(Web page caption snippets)
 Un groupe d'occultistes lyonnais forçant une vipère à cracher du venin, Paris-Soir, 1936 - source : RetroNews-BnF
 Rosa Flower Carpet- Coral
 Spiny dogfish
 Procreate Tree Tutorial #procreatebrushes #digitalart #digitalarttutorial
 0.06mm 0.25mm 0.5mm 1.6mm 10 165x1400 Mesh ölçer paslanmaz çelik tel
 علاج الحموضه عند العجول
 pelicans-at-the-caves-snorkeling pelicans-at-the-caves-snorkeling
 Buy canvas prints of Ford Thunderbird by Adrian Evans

...

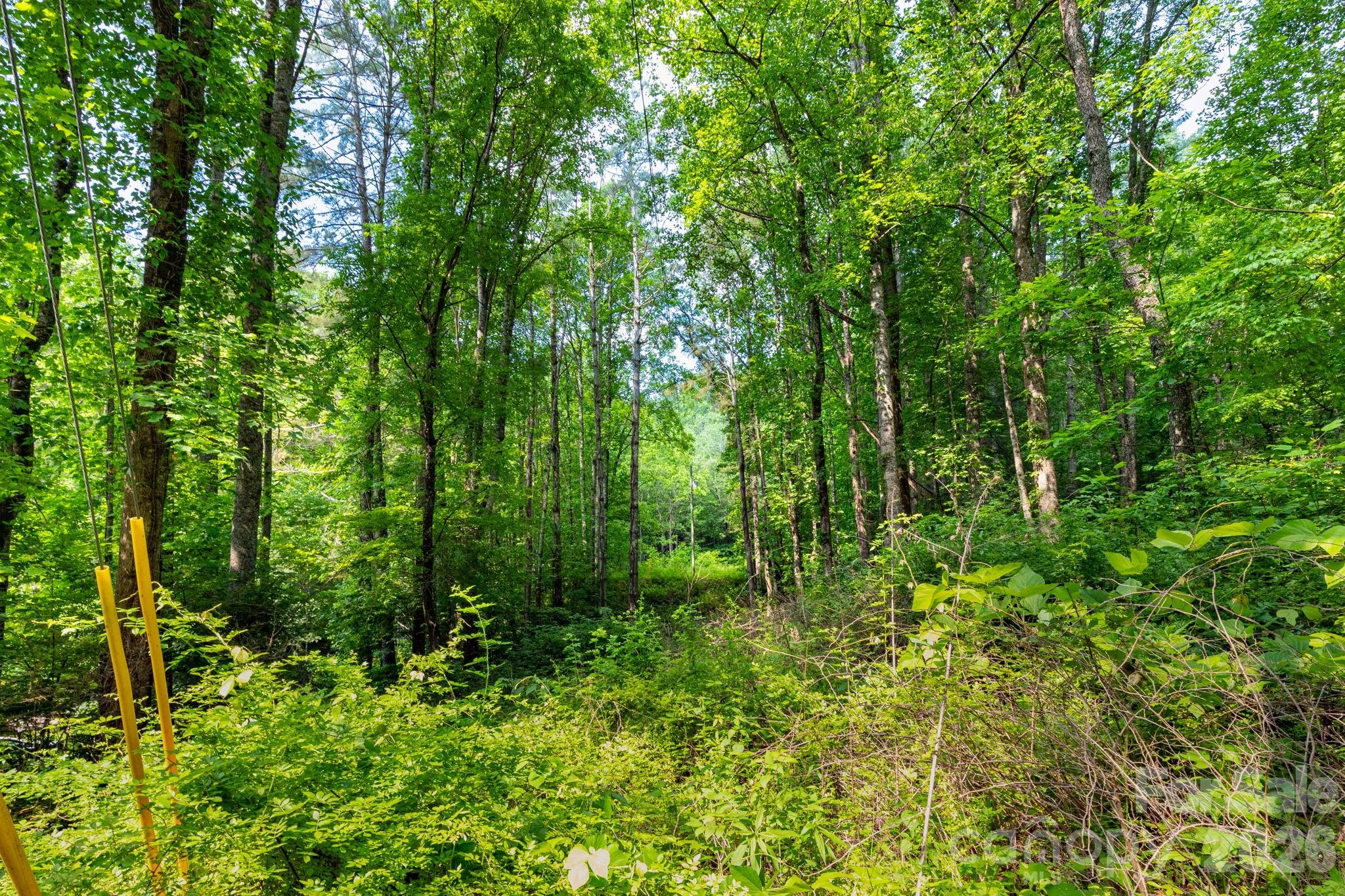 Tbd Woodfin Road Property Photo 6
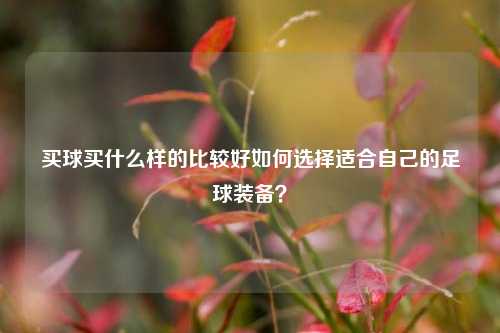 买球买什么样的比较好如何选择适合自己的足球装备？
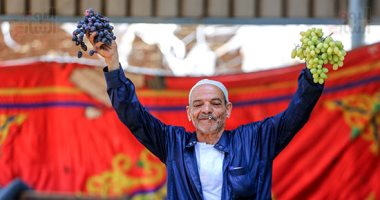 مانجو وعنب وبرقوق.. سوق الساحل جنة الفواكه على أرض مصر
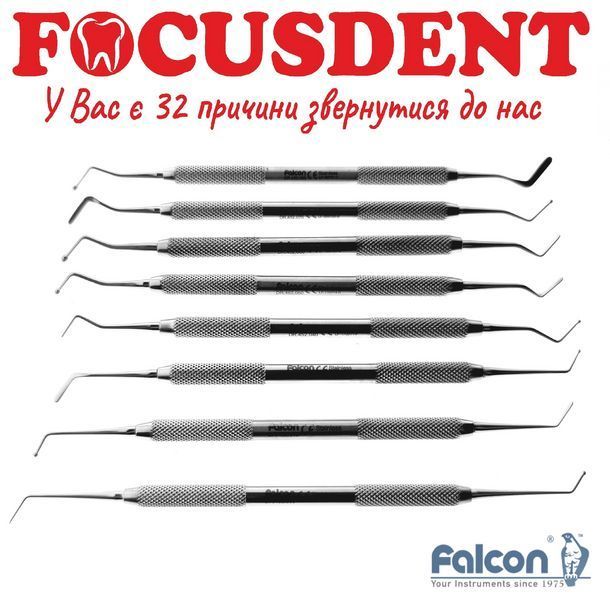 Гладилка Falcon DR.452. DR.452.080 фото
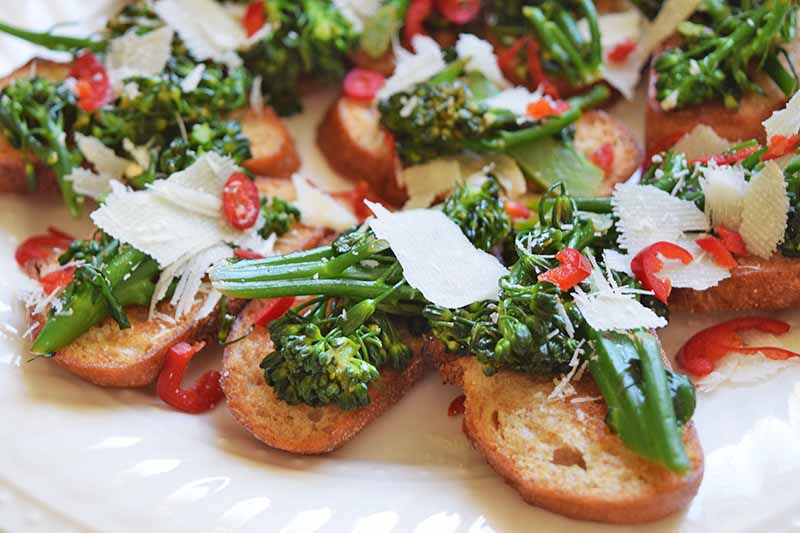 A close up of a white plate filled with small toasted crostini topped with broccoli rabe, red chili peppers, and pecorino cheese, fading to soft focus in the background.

== TASK BRIEF ==
What you return must be an exact retyping of the lines above starting at the line with "Un groupe d'occultistes" and ending at the line with "Buy canvas prints", and nothing besides.

== REPLY TO THE EXERCISE ==
 Un groupe d'occultistes lyonnais forçant une vipère à cracher du venin, Paris-Soir, 1936 - source : RetroNews-BnF
 Rosa Flower Carpet- Coral
 Spiny dogfish
 Procreate Tree Tutorial #procreatebrushes #digitalart #digitalarttutorial
 0.06mm 0.25mm 0.5mm 1.6mm 10 165x1400 Mesh ölçer paslanmaz çelik tel
 علاج الحموضه عند العجول
 pelicans-at-the-caves-snorkeling pelicans-at-the-caves-snorkeling
 Buy canvas prints of Ford Thunderbird by Adrian Evans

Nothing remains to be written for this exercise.